“Are you sure, Miss Deborah, that they want it for the Governor’s house now?” Pelleas asked in sudden anxiety.
“They were here again yesterday to ask me,” Miss Deborah assured us; and I think there was a certain radiance in her face.
So Miss Deborah told Mitty and Joel—dear little maid, dear honest young lover; shall I ever forget the look in their eyes when they knew? And, remembering, I am smitten with a kind of wonderment at the immortality of the look of happiness in another’s eyes. For many and many a time when Pelleas and I have been stepping through some way of shadow we have, I know, recalled the look on those luminous young faces; and we have said to each other that life can never be wholly shadowed or wholly barren while there remain in the world wistful faces to whom one may bring that look. It is so easy to make eyes brighten, as I hope every one in the world knows.
And so our fountain of gardens tossed up such a rainbow as the happiness of Mitty and Joel—Mitty with the starched flaxen braids and Joel with the brown shining face to whom the picture had suggested only the green of a woodshed roof. Pelleas and I had quite forgotten that we had meant to give the picture to some one who should understand the garden better than we—one who should “walk in beauty.” Something of the significance of this stirred vaguely in our thought even then; but I think that we have since come to regard this change of purpose as holding one of the meanings of life.
Mitty and Joel left Miss Deborah’s house just before us, and Pelleas and I lingered for a moment in her doorway.
“That young artist,” said Miss Deborah, “who paints pictures better than his cook makes crumpets—I shall write to him to-night. I shall tell him that even if he never paints another picture he will not have been an artist in vain.” She leaned toward us, smiling and nodding a little. “There will be other entrance fees,” she said; “watch for them.”

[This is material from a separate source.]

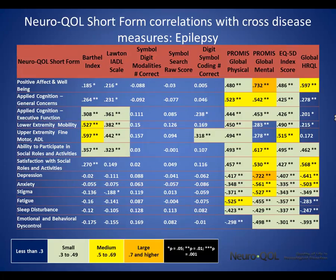This is an example of convergent validity of Neuroqual measures for stroke patients. We assessed the convergent validity between Neuroqual and external measures using Spearman correlations. We expected weaker relations between measures of dissimilar constructs and stronger associations between measures of similar or identical ones. The pattern of relationships shown here provides initial evidence of validity.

We went up the twilight lane that led between the Governor’s treasure-house of canvas and curio and the thatched cots of the Low Grounds. Save for the shadowy figures of Mitty and Joel walking before us, and waving their hands at the lane’s turning, nothing was changed since the morning. Yet now the spirit of the place lived not only in its spell of bloom but it lived also in us. Some door had been opened and we had entered.
When we reached the upper meadow, Pelleas suddenly caught my hand.
“Ah, look—look, Etarre!” he cried.
In the dimness the meadow lay, all of tender, early green, like that of our Wonderful Picture, with half-evident boughs of indeterminate bloom pleasant with freshness and with sweet surprise at some meaning of the year.